The Bible says God doesn’t hear the prayers of the unrighteous, the sinners, of which I am one.  He is attentive though to everything.  He is Omnipresent, Omniscient, Eternal and All Powerful.

John 9:31
King James Version
Now we know that God heareth not sinners: but if any man be a worshipper of God, and doeth his will, him he heareth

God hears when an unrighteous man, a sinner is praying, but I think He hears just the sound of their noise, as 1 Corinthians 13 says, ‘loud clanking cymbals’.  I know a compulsive liar.  I try to be nice, but everything said is untrue, absolutely everything.  Funny enough, I can’t even understand what‘s being said, it’s too much wasted energy to translate.  I just nod my head and act like I am paying attention.

Jesus shows us that there is a difference between hearing and listening.  I think Jesus is listening to our prayers, waiting for us to come to our senses and say, Lord, I am a sinner, forgive me, change me. Until then, it’s just falling on deaf ears.

We are all sinners.  No one is righteous, no not one.  All have fallen short.  No one even seeks God, the Bible says.  We are helpless without God intervening into our lives.  We can’t climb a mountain, or fast our way into heaven.  God wants just one thing, which is the purpose of reading the Bible.  He wants us to realize that we can not ever deserve to go to heaven, that we can not ever under our own strength, reading skills, or good conduct have a relationship with God.  Jesus, being different, had a better relationship with the unrighteous of His life on earth than He did with thesupposed righteous.

Luke 18:11
New International Version
The Pharisee stood by himself and prayed: ‘God, I thank you that I am not like other people–robbers, evildoers, adulterers–or even like this tax collector.

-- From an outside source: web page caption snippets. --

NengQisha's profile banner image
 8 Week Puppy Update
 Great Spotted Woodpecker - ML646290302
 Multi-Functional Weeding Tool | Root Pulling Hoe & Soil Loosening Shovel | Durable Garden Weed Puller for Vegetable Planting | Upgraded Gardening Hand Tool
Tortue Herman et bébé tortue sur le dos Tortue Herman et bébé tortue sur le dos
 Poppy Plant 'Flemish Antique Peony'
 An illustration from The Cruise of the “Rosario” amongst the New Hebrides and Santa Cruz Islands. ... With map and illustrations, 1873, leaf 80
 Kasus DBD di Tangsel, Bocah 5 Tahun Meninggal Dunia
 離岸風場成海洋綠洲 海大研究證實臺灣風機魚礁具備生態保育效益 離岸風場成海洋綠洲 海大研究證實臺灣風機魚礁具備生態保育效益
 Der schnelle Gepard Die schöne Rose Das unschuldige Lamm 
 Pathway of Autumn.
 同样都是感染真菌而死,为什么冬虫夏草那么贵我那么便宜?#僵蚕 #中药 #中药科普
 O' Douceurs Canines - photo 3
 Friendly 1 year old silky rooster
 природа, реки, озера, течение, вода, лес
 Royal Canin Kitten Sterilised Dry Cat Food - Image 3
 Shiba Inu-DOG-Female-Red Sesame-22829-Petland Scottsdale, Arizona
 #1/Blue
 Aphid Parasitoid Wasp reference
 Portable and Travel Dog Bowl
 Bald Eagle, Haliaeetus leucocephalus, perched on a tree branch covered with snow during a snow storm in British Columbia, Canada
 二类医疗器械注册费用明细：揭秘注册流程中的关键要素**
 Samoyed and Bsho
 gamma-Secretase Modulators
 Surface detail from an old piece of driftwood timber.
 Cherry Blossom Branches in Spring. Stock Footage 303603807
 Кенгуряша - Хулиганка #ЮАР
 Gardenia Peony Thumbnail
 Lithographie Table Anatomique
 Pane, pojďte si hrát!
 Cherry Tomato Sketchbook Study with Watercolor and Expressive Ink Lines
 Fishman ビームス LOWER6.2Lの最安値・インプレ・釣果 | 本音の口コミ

The Pharisee thought that he was righteous.  He thought God was just like him, probably imagined a fatherly figure in heaven, gloating over him as he prayed.  Notice that he stood by himself.  He was praying at the tax collector next to him.  Don’t you hate it when people pray at you?  He put God into his expectations.  God is different, and He loves everyone, even the Pharisee.  That is the reason He came to this world, to show us all how much we need him, and how impossible it is to get to know him on our own.

Jesus heard the prayer of the following ‘righteous’ man, although he was completely different from the normal religious community of his day.

Luke 18:13
New International Version
But the tax collector stood at a distance. He would not even look up to heaven, but beat his breast and said, ‘God, have mercy on me, a sinner.’

Once the tax collector did that, he was saved.  Jesus said that the tax collector went home a righteous man, a changed man, a different man.  He was different from who he was a mere 5 minutes earlier, and he was undoubtedly still different from the self-righteous pharisee.  He was on his way to heaven, and the pharisee wasn’t, unless he changed later on.

Do you want to be different?  Do you want your life and destiny to be changed?